Hinted encoding autodetection to solve autodetection fails
| Affects | Status | Importance | Assigned to | Milestone | |
|---|---|---|---|---|---|
| gedit (Ubuntu) |
Invalid
|
Wishlist
|
Ubuntu Desktop Bugs | ||
Bug Description
I use often one of two character encodings for plain text files: UTF-8 and (windows) cp1250.
I use Gedit to edit my plain text files and I have set these my prefered encodings in Gedit,
so I can select (only) from "Autodetect", "UTF-8" and "Windows 1250" in open dialog in Gedit.
The problem is that autodetection fails every time when the text file is in cp1250.
This is even worse when I open this file by clicking it in nautilus because I cannot choose
to open it as "Windows 1250" encoding.
I have understand that encoding autodetection is not easy thing and it may not be 100% succesful
for all encodings used around the world.
But there could be a solution: Have another autodetection mode that try to choose the right encoding
only from some limited list (user definable) of encodings. The list could be the same list of encodings
user selected to use in open/close dialogs. So e.g. in my case I would see in Gedit open dialog these
four items in encoding combobox: "Autodetect (global)", "Autodetect (user defined)", "UTF-8" and "Windows 1250".

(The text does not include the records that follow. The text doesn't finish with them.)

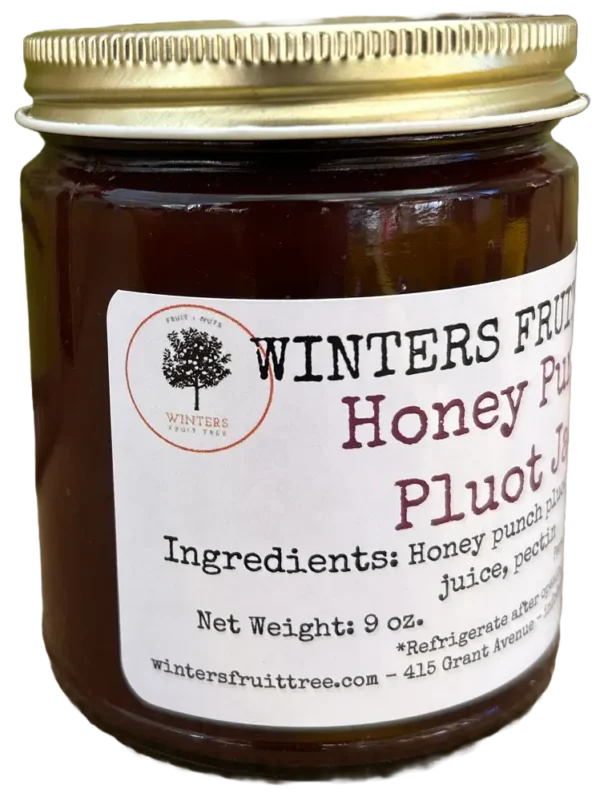 Honey Punch Pluot Jam by Winters Fruit Tree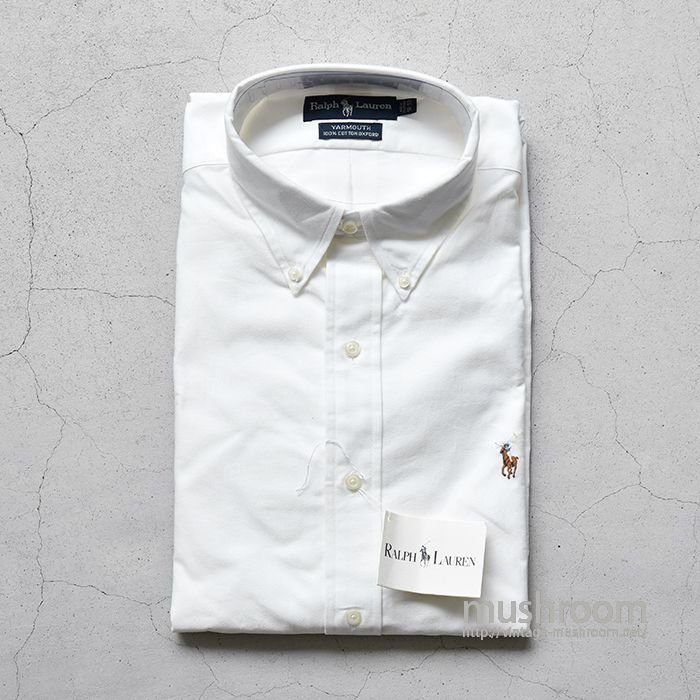 Polo by RALPH LAUREN OXFORD SHIRT（DEADSTOCK/16-33） - 古着屋 ...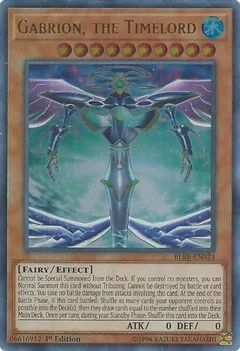 Gabrion, the Timelord BLRR-EN024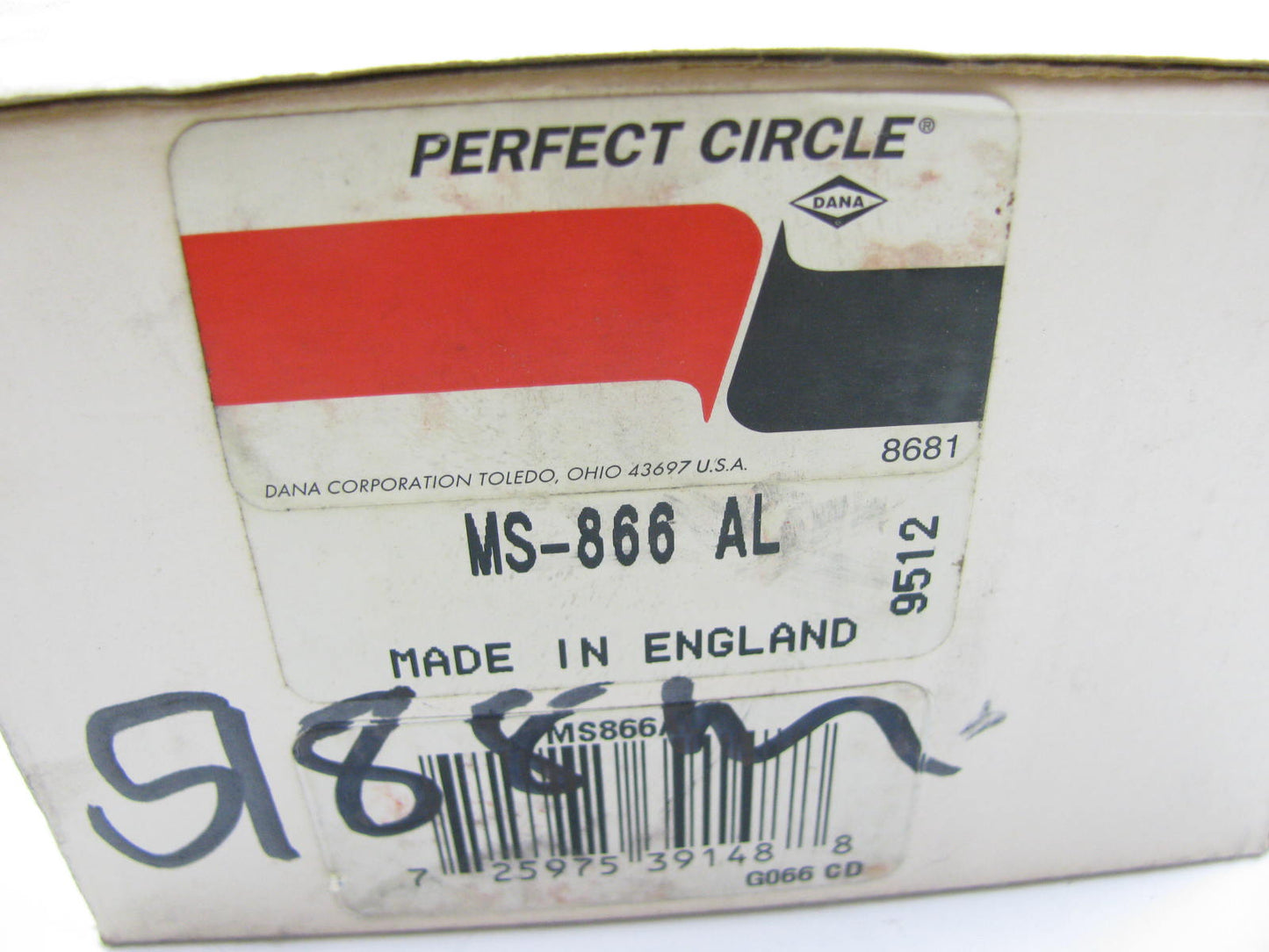 Perfect Circle MS866AL Main Bearings - Standard for Ford Tractor 233 256 Diesel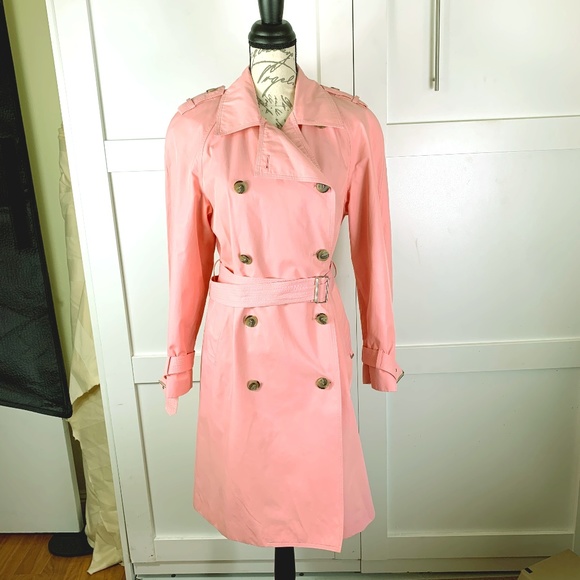 new look anne marie pink coat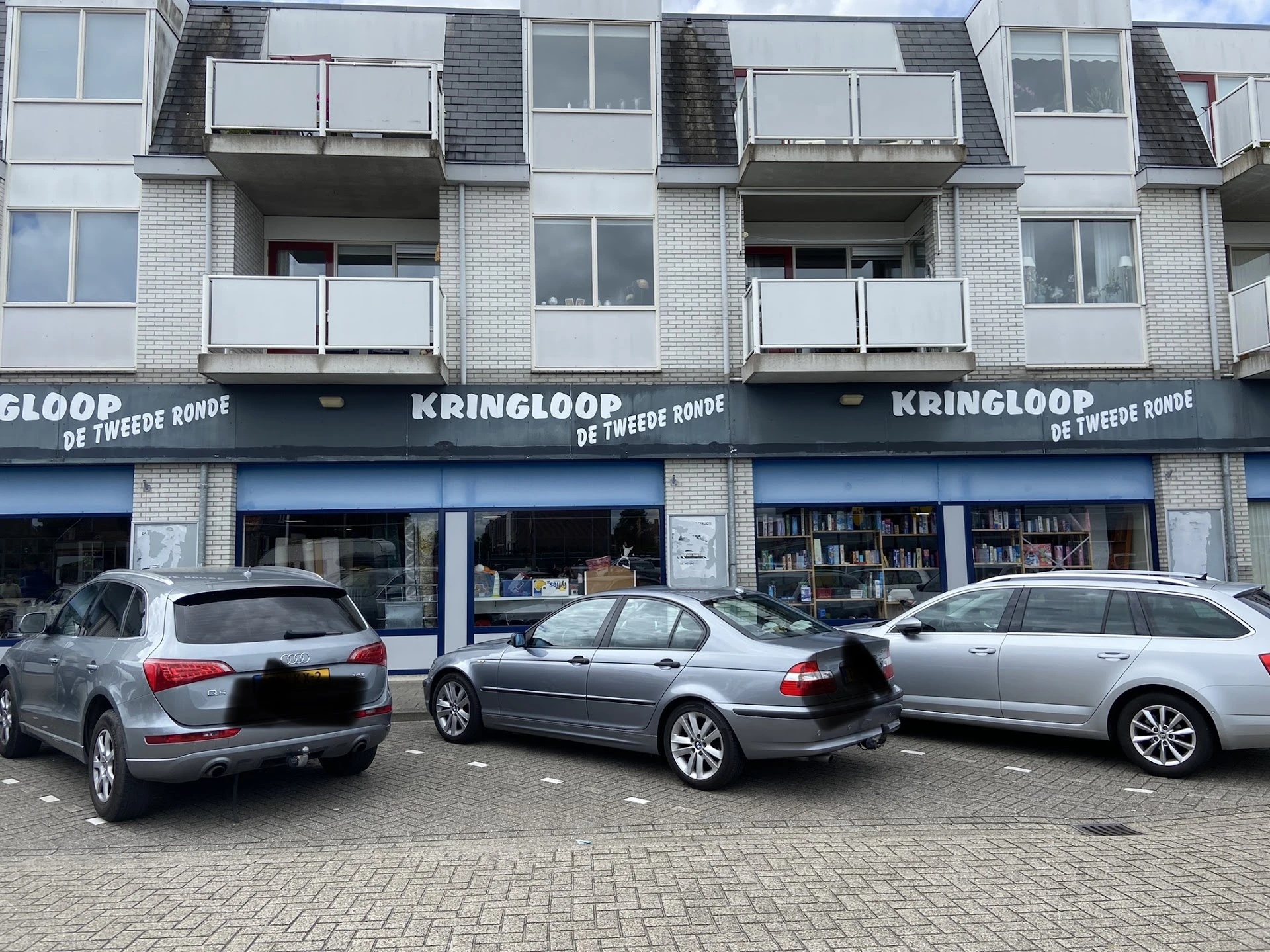 Kringloopwinkel Kringloop de Tweede Ronde in Ommen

(May be somebody can find better titles than "global" and "user defined".)
* "Autodetect (global)" would do autodetection just like today's autodetection works.
* "Autodetect (user defined)" does only try to detect "UTF-8" and "Windows 1250" so it detect "Windows 1250" easily
and probably 100% successfully.
This feature may need some Gtk/Glib work - I do not know how autodetection is implemented at all.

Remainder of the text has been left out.